=== Try it ===
Could you retype exactly the lines below between the one holding "28 - DG Bad 2 mit Dusche" and the one holding "2012 Ford E-450 SD Shuttle Bus - Image 7", inclusive, leaving out any pictures?

=== Study material ===

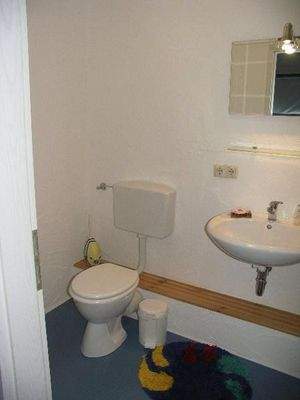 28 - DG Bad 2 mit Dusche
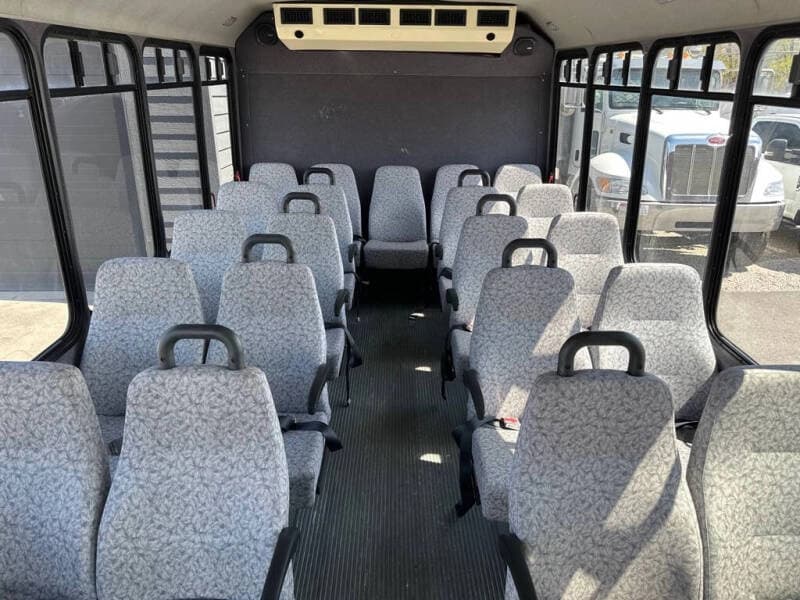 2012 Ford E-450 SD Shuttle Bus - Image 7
...
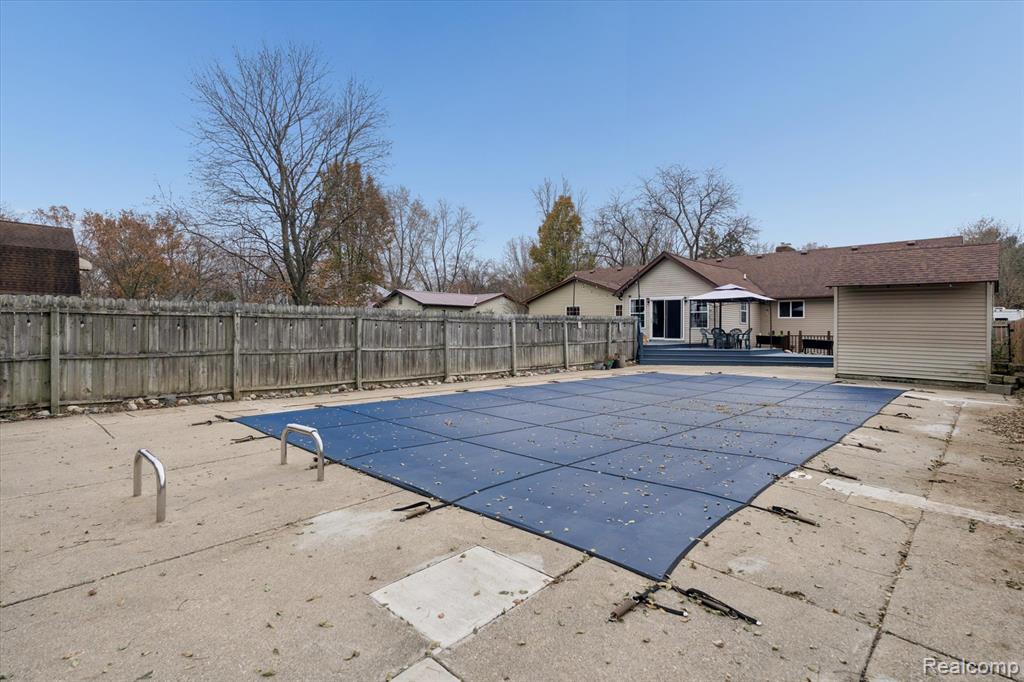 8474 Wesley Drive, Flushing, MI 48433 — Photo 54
==
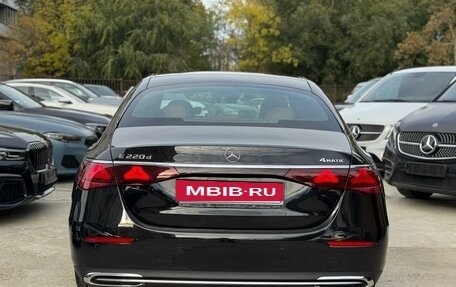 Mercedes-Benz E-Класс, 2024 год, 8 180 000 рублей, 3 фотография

=== Answer for the task ===
 28 - DG Bad 2 mit Dusche
 2012 Ford E-450 SD Shuttle Bus - Image 7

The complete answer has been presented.